For the Mardi Gras season, I thought it might be fun to take a closer look at one of Disney’s southern-themed resorts, the Port Orleans Riverside at Disney World in Orlando, Florida.  My husband and I stayed at the Riverside twice last year, once during Halloween and again over the Christmas holidays, so we have a lot of information to share with you about this wonderful resort, and even more to show.  So as they’d say in New Orleans, let’s roulez les bon temps!

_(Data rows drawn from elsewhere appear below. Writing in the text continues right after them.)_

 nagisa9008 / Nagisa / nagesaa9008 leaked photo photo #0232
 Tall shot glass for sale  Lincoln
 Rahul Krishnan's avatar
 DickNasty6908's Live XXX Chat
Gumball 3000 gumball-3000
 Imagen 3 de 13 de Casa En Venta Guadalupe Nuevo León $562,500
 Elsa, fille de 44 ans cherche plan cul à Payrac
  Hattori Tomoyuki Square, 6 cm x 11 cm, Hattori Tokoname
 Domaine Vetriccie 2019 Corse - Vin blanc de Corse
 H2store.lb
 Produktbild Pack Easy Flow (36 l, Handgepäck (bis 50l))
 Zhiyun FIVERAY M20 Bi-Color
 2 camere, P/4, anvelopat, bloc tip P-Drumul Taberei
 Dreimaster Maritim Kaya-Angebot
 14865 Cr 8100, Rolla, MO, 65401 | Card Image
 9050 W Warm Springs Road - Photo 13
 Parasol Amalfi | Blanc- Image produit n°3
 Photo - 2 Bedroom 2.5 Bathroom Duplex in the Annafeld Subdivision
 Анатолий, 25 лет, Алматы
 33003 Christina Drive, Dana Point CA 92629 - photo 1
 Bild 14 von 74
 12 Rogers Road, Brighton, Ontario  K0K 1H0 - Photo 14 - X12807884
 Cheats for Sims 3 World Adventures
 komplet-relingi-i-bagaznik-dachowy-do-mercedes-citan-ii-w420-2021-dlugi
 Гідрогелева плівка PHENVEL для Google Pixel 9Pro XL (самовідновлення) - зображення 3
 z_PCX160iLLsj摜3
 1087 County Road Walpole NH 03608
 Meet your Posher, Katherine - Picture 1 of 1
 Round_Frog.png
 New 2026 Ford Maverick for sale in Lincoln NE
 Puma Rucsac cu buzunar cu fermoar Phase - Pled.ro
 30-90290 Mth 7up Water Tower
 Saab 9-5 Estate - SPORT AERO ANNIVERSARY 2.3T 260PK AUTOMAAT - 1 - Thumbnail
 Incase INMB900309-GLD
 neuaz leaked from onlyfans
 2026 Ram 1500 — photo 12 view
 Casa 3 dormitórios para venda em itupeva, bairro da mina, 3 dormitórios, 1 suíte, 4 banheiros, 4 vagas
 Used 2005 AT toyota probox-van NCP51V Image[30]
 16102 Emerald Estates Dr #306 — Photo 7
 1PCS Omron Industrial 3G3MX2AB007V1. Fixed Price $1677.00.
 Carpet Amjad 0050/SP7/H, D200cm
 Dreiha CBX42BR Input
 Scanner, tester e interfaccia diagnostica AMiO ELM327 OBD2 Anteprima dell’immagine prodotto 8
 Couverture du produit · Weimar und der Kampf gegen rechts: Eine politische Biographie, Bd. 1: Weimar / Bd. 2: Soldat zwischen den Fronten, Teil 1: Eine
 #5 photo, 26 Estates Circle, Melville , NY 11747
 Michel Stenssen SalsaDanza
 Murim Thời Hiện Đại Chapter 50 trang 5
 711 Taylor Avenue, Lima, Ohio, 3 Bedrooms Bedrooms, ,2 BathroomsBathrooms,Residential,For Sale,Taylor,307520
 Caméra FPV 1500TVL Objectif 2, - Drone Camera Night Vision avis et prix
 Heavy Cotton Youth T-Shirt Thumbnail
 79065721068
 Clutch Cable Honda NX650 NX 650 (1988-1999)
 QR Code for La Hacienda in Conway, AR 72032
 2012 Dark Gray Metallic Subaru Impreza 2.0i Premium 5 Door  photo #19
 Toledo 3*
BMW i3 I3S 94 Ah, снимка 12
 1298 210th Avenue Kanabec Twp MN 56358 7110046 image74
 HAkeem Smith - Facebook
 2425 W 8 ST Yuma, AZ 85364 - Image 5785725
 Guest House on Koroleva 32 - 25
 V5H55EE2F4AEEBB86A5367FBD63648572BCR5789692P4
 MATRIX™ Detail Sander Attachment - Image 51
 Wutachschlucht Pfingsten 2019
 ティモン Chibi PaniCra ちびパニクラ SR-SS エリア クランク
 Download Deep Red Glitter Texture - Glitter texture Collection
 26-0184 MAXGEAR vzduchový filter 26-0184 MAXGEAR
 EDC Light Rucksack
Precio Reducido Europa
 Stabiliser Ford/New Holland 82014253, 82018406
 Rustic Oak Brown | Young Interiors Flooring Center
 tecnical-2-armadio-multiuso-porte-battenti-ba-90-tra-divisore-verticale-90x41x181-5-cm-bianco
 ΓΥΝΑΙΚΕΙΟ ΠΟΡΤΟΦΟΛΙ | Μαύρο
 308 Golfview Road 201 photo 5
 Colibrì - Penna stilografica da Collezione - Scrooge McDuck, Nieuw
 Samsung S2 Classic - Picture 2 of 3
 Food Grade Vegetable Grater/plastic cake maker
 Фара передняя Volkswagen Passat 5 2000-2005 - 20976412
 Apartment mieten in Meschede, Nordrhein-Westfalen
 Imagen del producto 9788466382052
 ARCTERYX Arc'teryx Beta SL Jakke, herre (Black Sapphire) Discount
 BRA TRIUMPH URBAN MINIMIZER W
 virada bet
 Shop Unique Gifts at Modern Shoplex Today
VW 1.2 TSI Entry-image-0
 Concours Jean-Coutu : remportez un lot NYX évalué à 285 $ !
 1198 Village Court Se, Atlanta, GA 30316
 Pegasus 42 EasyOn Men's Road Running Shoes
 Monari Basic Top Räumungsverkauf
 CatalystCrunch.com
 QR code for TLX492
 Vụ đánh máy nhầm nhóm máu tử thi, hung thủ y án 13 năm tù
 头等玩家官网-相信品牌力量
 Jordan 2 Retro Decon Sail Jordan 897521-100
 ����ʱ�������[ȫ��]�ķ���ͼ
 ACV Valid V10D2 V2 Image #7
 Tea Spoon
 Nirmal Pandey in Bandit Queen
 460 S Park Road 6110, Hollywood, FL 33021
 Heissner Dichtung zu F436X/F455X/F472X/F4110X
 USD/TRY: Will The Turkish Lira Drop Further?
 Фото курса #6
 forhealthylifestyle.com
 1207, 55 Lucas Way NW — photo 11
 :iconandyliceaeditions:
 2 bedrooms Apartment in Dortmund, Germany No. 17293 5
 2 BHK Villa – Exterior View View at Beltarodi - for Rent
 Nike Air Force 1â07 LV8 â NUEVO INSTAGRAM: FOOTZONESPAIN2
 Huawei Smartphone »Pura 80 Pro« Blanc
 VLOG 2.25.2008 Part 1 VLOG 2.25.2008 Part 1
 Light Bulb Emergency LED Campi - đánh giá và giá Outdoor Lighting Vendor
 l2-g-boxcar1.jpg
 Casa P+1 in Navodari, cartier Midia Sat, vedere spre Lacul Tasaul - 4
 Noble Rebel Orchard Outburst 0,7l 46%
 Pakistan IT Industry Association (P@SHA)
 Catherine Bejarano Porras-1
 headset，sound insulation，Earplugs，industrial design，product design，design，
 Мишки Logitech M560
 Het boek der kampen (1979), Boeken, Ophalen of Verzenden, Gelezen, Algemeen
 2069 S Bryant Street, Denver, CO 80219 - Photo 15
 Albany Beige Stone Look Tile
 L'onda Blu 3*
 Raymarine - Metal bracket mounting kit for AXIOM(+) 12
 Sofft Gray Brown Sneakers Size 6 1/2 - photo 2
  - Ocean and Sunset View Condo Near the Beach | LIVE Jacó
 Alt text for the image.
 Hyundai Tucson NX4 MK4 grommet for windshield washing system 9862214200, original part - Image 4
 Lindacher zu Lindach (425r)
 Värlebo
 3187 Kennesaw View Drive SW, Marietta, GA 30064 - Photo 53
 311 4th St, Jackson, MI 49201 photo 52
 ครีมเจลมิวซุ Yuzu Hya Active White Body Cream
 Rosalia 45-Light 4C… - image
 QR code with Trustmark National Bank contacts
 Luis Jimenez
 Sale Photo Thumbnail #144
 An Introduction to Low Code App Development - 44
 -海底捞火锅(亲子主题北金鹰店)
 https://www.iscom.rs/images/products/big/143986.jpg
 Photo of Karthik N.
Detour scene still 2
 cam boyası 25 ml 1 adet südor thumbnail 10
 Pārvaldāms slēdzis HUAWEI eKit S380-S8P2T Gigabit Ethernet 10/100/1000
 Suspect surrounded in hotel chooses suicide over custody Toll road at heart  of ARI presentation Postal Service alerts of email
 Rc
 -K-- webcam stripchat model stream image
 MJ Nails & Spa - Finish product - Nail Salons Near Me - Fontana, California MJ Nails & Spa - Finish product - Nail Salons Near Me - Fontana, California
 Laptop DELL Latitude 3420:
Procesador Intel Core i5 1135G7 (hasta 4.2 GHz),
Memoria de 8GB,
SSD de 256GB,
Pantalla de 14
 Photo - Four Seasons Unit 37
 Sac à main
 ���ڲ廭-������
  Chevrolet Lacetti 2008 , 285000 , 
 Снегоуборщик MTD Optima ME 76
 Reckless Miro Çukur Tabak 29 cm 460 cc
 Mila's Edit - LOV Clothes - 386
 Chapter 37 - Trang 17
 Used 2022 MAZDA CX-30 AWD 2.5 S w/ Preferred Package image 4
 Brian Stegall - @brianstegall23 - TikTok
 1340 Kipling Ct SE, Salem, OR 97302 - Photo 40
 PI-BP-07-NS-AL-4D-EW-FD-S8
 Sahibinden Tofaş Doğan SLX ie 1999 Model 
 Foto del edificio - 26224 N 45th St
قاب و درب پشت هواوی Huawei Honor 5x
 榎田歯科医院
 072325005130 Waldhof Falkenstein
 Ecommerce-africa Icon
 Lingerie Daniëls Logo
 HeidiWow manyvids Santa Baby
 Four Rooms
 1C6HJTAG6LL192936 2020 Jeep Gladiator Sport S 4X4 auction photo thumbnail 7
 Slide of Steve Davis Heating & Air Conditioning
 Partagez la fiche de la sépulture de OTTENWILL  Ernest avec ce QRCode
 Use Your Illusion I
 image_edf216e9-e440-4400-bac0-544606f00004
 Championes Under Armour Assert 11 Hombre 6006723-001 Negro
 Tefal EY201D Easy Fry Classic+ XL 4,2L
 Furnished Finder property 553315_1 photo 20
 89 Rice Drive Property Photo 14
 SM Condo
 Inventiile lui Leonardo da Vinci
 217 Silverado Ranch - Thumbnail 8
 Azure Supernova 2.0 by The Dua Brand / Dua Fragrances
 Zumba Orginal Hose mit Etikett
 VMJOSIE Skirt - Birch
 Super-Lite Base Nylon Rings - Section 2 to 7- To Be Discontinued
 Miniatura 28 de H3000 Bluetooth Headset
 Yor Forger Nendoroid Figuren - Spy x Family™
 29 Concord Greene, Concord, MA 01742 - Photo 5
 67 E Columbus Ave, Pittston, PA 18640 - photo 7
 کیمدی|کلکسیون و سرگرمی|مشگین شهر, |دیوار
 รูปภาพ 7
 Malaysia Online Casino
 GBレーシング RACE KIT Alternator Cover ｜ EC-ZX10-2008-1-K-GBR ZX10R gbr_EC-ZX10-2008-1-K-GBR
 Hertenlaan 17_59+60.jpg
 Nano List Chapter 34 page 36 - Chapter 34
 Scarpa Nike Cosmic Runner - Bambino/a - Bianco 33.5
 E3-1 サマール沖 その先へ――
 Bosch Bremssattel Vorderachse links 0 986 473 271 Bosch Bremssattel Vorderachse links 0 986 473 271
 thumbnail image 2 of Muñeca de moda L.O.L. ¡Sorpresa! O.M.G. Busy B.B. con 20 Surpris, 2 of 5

The Riverside and its down-the-stream sister resort, the French Quarter, sit on 325 acres of Sassagoula riverfront property and have a combined total of just a little over 3,000 rooms.  Moderate resorts both, the Riverside and the French Quarter both fall at about the mid-range of Disney hotel prices, which is to say the rates are reasonable, yet still bear very little relation to our Earth prices.  It’s the great fallacy of Disney vacations that you do eventually come to regard their pricing (for everything, from rooms, to ticket prices, to food) as “reasonable.”  You can absolutely find less expensive hotels both on Disney property and off, but if you consider your accommodations to be an important part of your vacation and not just the place you lay your head every evening, you suck it up and hope that the nervous breakdown you suffer once you open your post-holiday credit card statement is at least a funny one.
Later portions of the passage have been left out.